From: Marc VanHeyningen <mvanheyn@cs.indiana.edu>
Date: Wed, 07 Dec 1994 13:23:18 -0500
To: hallam@alws.cern.ch
Cc: http-wg%cuckoo.hpl.hp.com@hplb.hpl.hp.com
Message-Id: <18621.786824598@gummy.cs.indiana.edu>
Phillip said:
> To sum up Marcs argument:
> 
> 1) The performance hit is not too great

I did not say this.  I am not convinced of this one way or the other.
If it is, the issue of what to do is still not crystal-clear.  Anyway,
your comments don't seem to be primarily performance-motivated, so never 
mind this one for now.  "We should do it, but it's expensive" probably 
leads us to a different place than "We shouldn't do it, it's stupid."

> 2) If there is no reason to do it and no reason not to then follow the spec.

More or less, yes.  I am skeptical of the extents to which:
- HTTP is somehow radically different from everything else
- The members of this group (including me.  Especially me.) are somehow
  radically wiser than everyone else

Call me a conservative in this area.  (Sorry if that's one of your dirty
words, Phillip. :-)

> I do not want cannonicalisation under any circumstances. I have had my fill
> of systems that "canonicalise" trying to be "clever". Such systems break
> much much more than they mend.

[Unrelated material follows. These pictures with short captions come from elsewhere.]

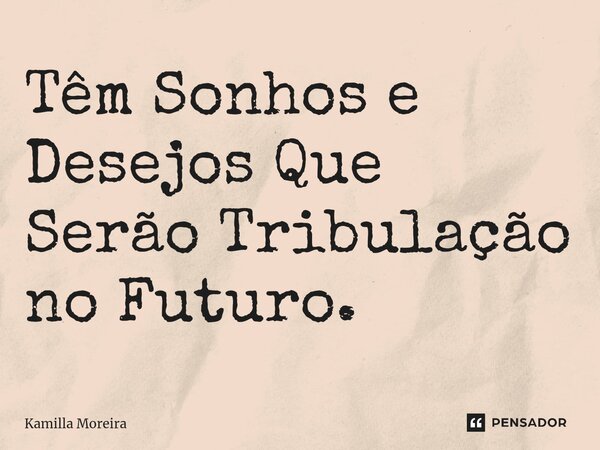 ⁠Têm Sonhos e Desejos Que Serão Tribulação no Futuro.... Frase de Kamilla Moreira.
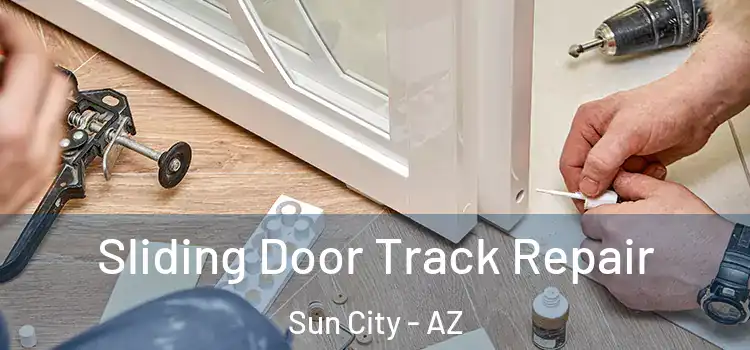  Sliding Door Track Repair Sun City - AZ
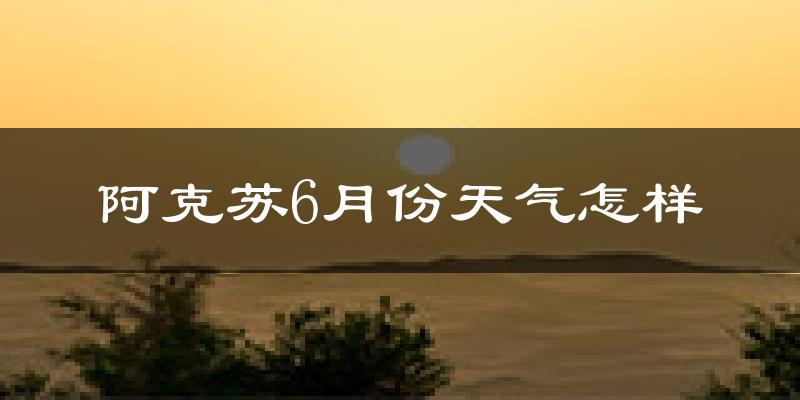 阿克苏市6月份天气如何?很热吗?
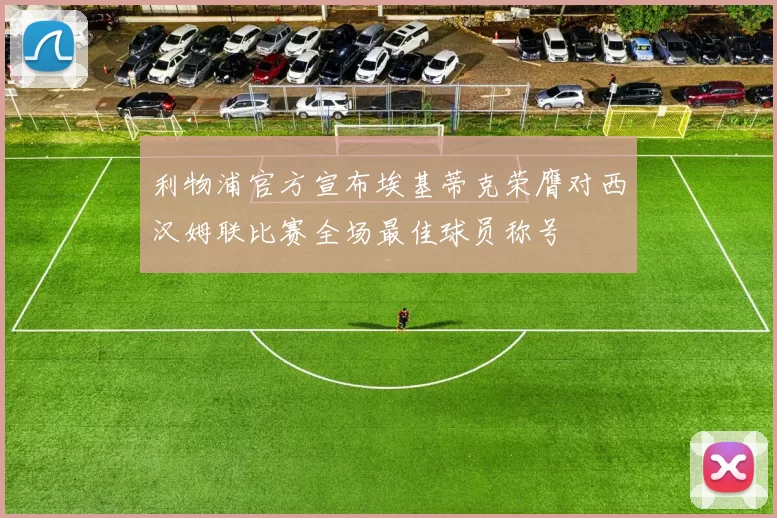 利物浦官方宣布埃基蒂克荣膺对西汉姆联比赛全场最佳球员称号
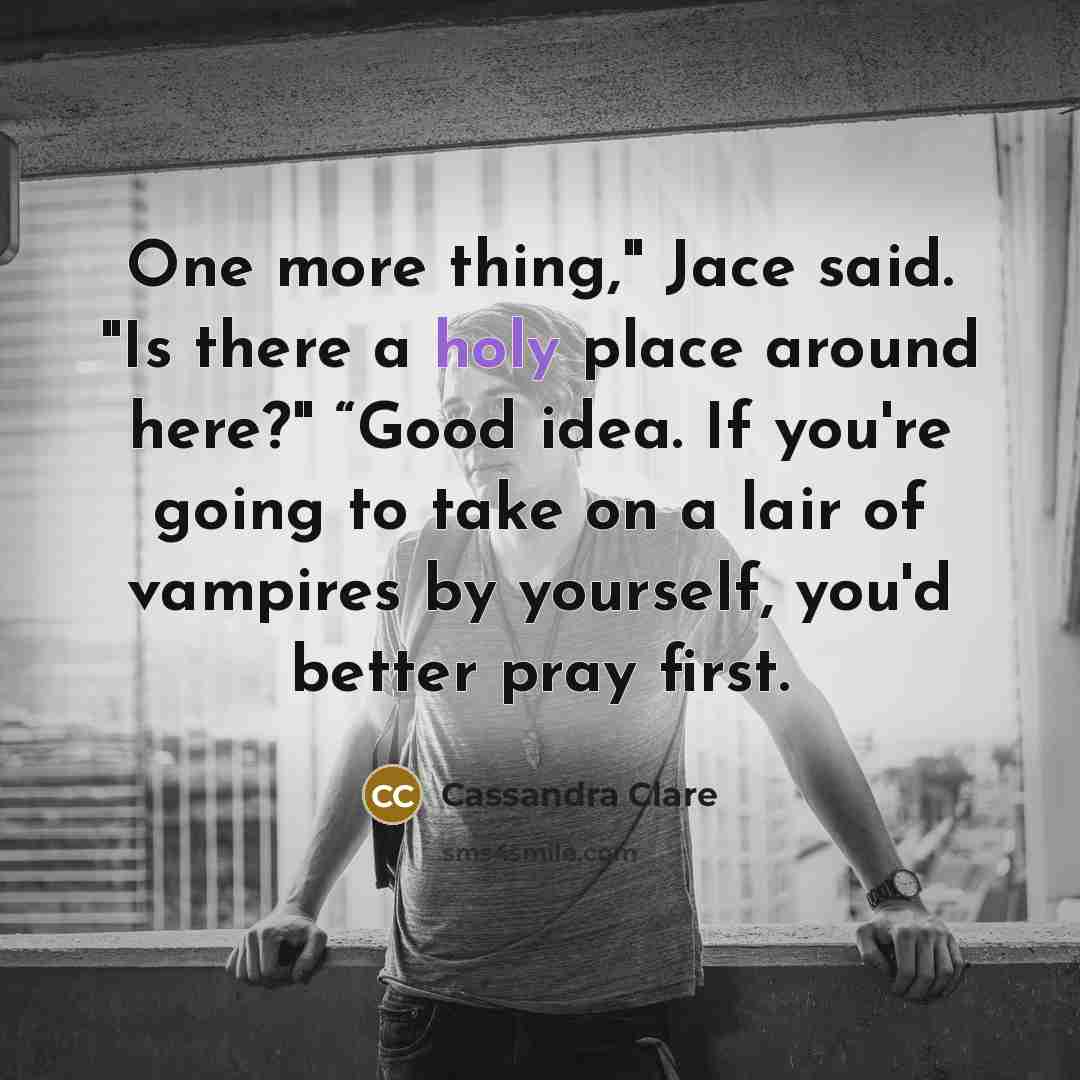 “One more thing," Jace said. "Is there a holy place around here?" “Good idea. If you're going to take on a lair of vampires by yourself, you'd better pray first.” quote by Cassandra Clare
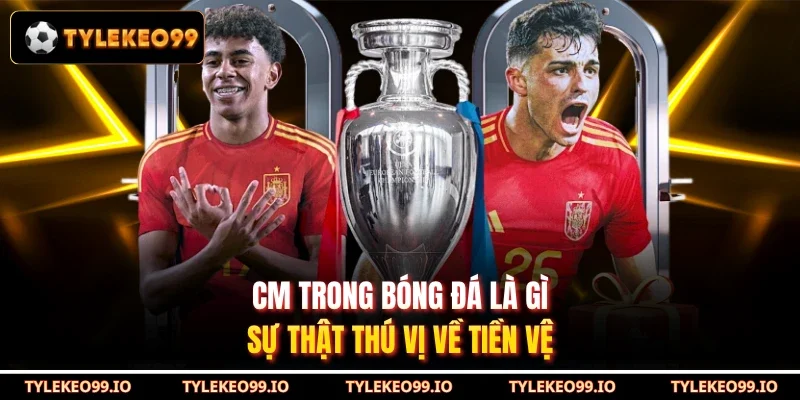 Cm Trong Bóng Đá Là Gì - Sự Thật Thú Vị Về Tiền Vệ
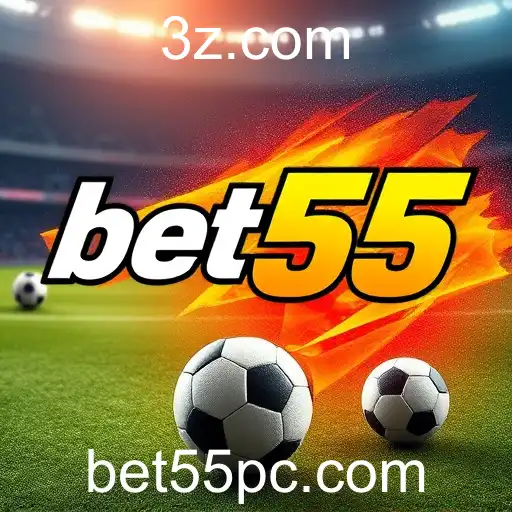 Apostas Esportivas no bet55: Uma Nova Era de Entretenimento e Oportunidades
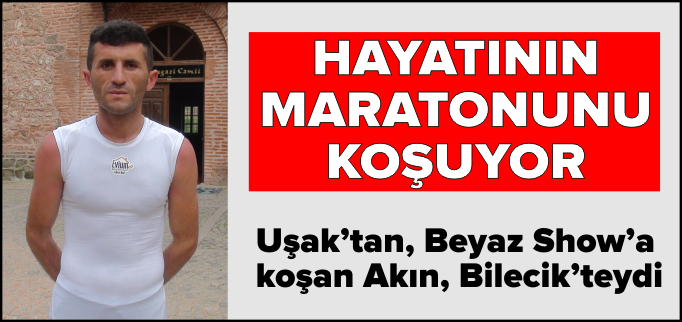 HAYATININ MARATONUNU KOŞUYOR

Like the FTP ASCII transfer mode which is
> enabled by default in most FTP clients (but not some of the more modern ones).

I have no idea what poorly-designed FTP clients have to do with this issue.
Ideally, FTP could work such that the decision of whether ASCII or
binary mode would be employed was based on the specific object, and chosen
by the server, which should know which is appropriate.

Canonicalization is not "clever" at all.  Trying to guess which of various
different representations for line breaks is being employed is "trying to be
clever."  Personally, I think cleverness is good; but mandating it is
something else.

This is the first time I've heard someone suggest that canonicalization would
actually break something, as opposed to merely being a performance loss or
a pedantic irrelevancy.  Can you be more specific?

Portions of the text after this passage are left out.